The next morning I saw Dr. Barbour and he basically told me that I needed to get rid of two wisdom teeth and a molar. The molar was what was causing the pain. I believe his exacts words were, "Not good, Joanna. This is not good." Then he did what he could to get me out of pain.
I then had to confess that I had not seen a dentist regularly for about five years because the one I used to see got very upset with me when I canceled appointments that I couldn't make because Tess was either sick or had appointments that conflicted with mine. This certain jerk-off told me that I needed to make his appointments a priority and basically learn how to schedule Tessie's better. And he was very angry when he said that to me, as he was doing a root canal on me and I was crying because he was such a jerk. So I never went back.
I explained all this to Dr. Barbour along with the fact that it would probably happen with his office too because I don't have a lot of control over when Tess gets sick or has appointments.
So he gave me a hug and told me I would never be treated like that by him. Then he apologized for the other dentist being such an ass. So naturally, even though I very much disliked the whole, "you need three teeth extracted pronto" message, I loved Dr. Barbour.
I told him I would make the appointment with the oral surgeon but could I do it after Christmas? He said I could try but he didn't really think that I would make it that long with no pain.
And he was right on the money. After about three days the pain was back but sort of in a different spot so I thought something else was up. I called Dr. Barbour, got to talk to him, explained my predicament and that I had a nurse who could stay with Tess if he could fit me in the next day so he called another patient to switch their appointment, and voila, I was in. Of course, the whole packing up Tess quickly went into effect. Lucky for me I was too
He basically told me I needed to get that tooth out. Now.
Silly me. I thought, even as he said that, that I could tough it out for a couple more weeks.
Turns out, I'm not that tough. Fast forward a week...

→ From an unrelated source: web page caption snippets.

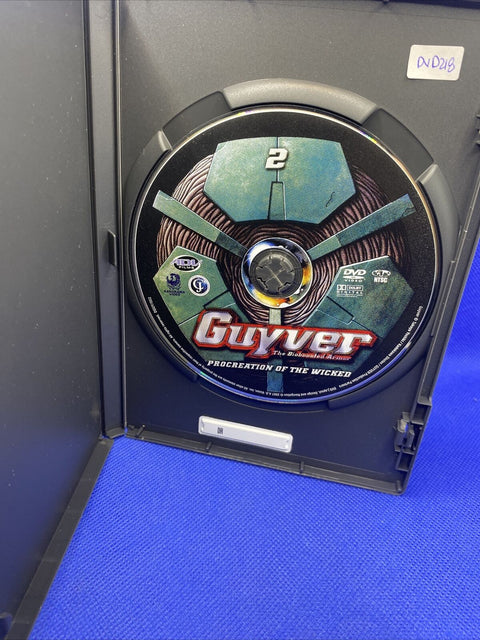 Guyver: The Bio-Boosted Armor - Vol. 2: Procreation of the Wicked (DVD, 2007)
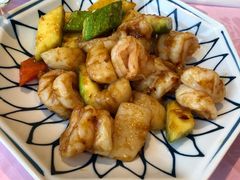 酱香带子炒虾球-誉八仙酒楼(静安大悦城店)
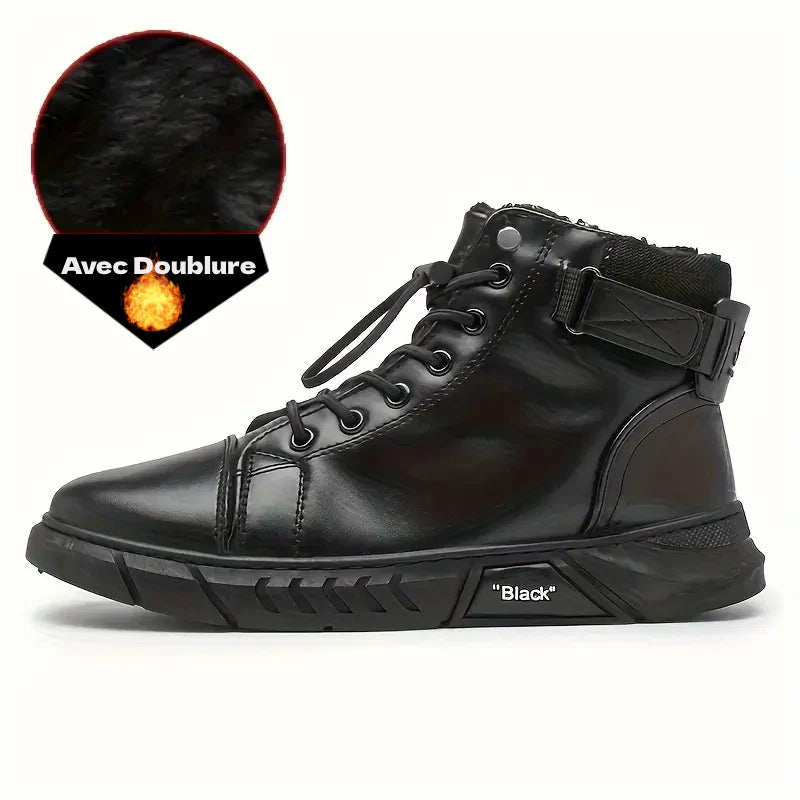 Quality leather shoes for men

I got slid in at the oral surgeon's for an emergency consult last Thursday and when I met with Dr. Battell I basically asked her if there was any possible way to do it right then. I went on to explain that I has a nurse for Tess so it would be so helpful to just get it over with. She agreed. But without sedation because she didn't have enough time in her schedule for that part.

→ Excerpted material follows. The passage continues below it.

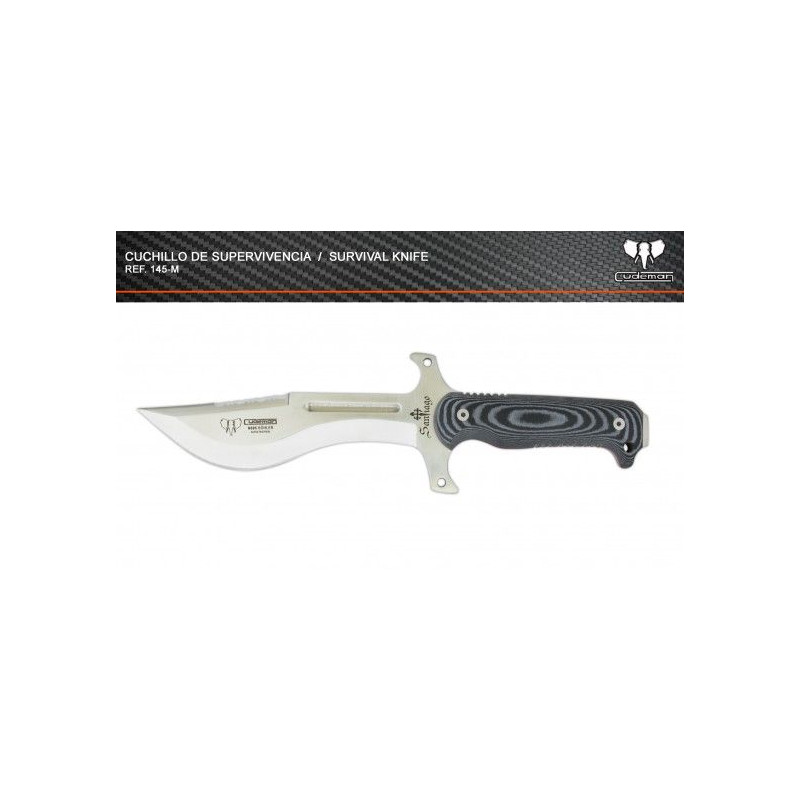 Coltello tattico da sopravvivenza 145-M Santiago Cudeman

Now I am a horrible baby when it comes to the dentist. I get all panicky and shaky under the best of circumstances so this was a bit of a blow. I asked about laughing gas and she said that I should be fine with just that and some novocaine.
I won't get into all the gory detail but you know how they call it laughing gas? Well, I wasn't laughing. And I lost count of the number of shots of Novocaine I needed.

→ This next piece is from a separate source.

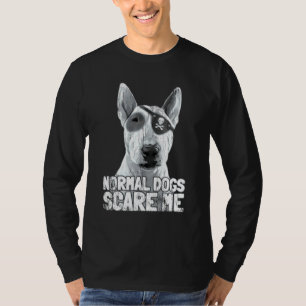 T-shirt Bull Terrier Pirate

However, I was in and out in under an hour and Dr. Battell was very, very kind and as gentle as that type of procedure can be. Which basically means she beat the hell out of the inside of my mouth but was so nice about it that I didn't hate her for doing it.
I am almost all healed up now. The pain has been very manageable with Advil and ice and hopefully this little bump in the road is over for now.
And because this post was basically stupid and rambling, yet you've loyally read to the end, I will leave you with this little dental joke:
"Open wider," requested the dentist, as he began his examination of the patient. "Good God!" he said startled. "You've got the biggest cavity I've ever seen -- the biggest cavity I've ever seen." "OK Doc!" replied the patient. "I'm scared enough without you saying something like that twice." "I didn't!" said the dentist. "That was the echo."